Agile in Name Only

SITUATION

Joined a demoralized product team managing Allstate's roadside assistance app used by field technicians. The Product Manager was burned out from unrealistic stakeholder demands, developers had disengaged into "ticket factory" mode, and designers felt marginalized. The team had lost faith in Agile practices and was simultaneously failing at three different products instead of succeeding at one. Driver complaints were escalating due to poor app usability during emergency situations.

TASK

Transform team culture and product quality by rebuilding trust in Agile practices, realigning focus on user outcomes, and consolidating scattered efforts. Success required measurable app improvements, increased team engagement, and sustainable collaborative processes - all while maintaining service for thousands of active drivers.

ACTION

Empowered the PM by partnering with my design peer to support them in stakeholder conversations. We reframed discussions from "failing at three products" to "succeeding dramatically at one," using data to show how resource fragmentation was killing productivity.
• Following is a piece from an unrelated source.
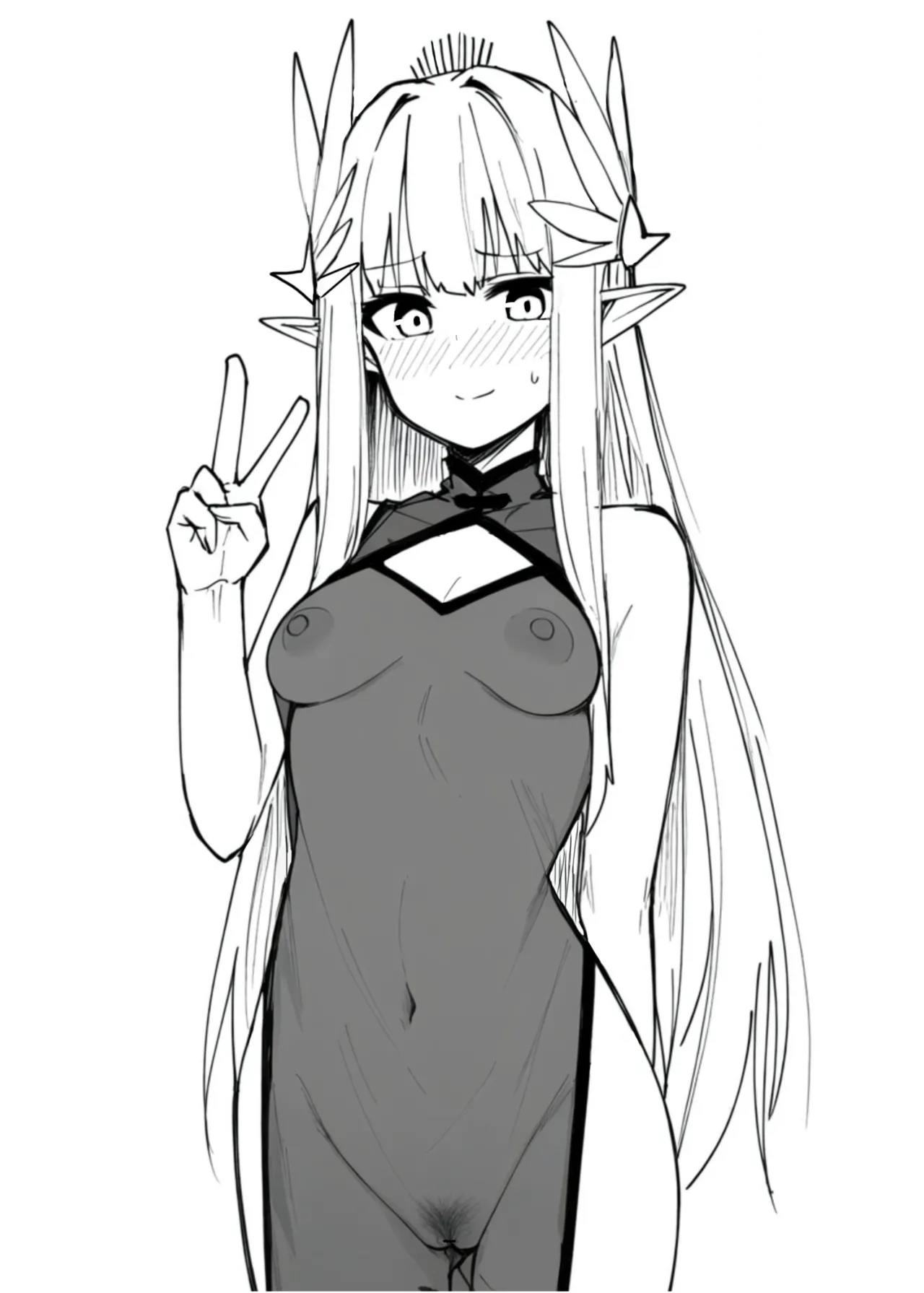 Arknights See-Through China Dress Club Hitori Goudou page 4 full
Leveraged external validation when Agile thought leader Jeff Patton visited Allstate and independently reinforced our messaging. This gave our PM the credibility and confidence to push back on unrealistic demands and lead change.

Integrated team into user research by pulling developers and the PM directly into discovery work, including user interviews and ride-alongs with roadside drivers during actual service calls. This firsthand exposure to user pain points transformed how technical decisions were made.

Redesigned the application based on research insights to improve accessibility (high contrast for outdoor visibility, larger touch targets for work gloves), eliminate risky features (fingerprint login while driving), and streamline job acceptance from 7 steps to 3 actions.

RESULT

Product Impact: Job acceptance time dropped from 45 to 18 seconds, driver satisfaction improved from 2.1 to 4.3 stars, and support tickets decreased 40%.

Cultural Transformation: Developers began proactively raising UX concerns, the PM re-engaged in strategic planning rather than reactive task management, and sprint commitment confidence increased from 60% to 90%.

Organizational Impact: The approach was replicated across three other Allstate product teams, and leadership began measuring success through user satisfaction alongside delivery velocity.

Bottom Line: We didn't just redesign a product - we redesigned the team. The transformation created sustainable collaboration patterns and user-centered decision making that continued long after the initial intervention.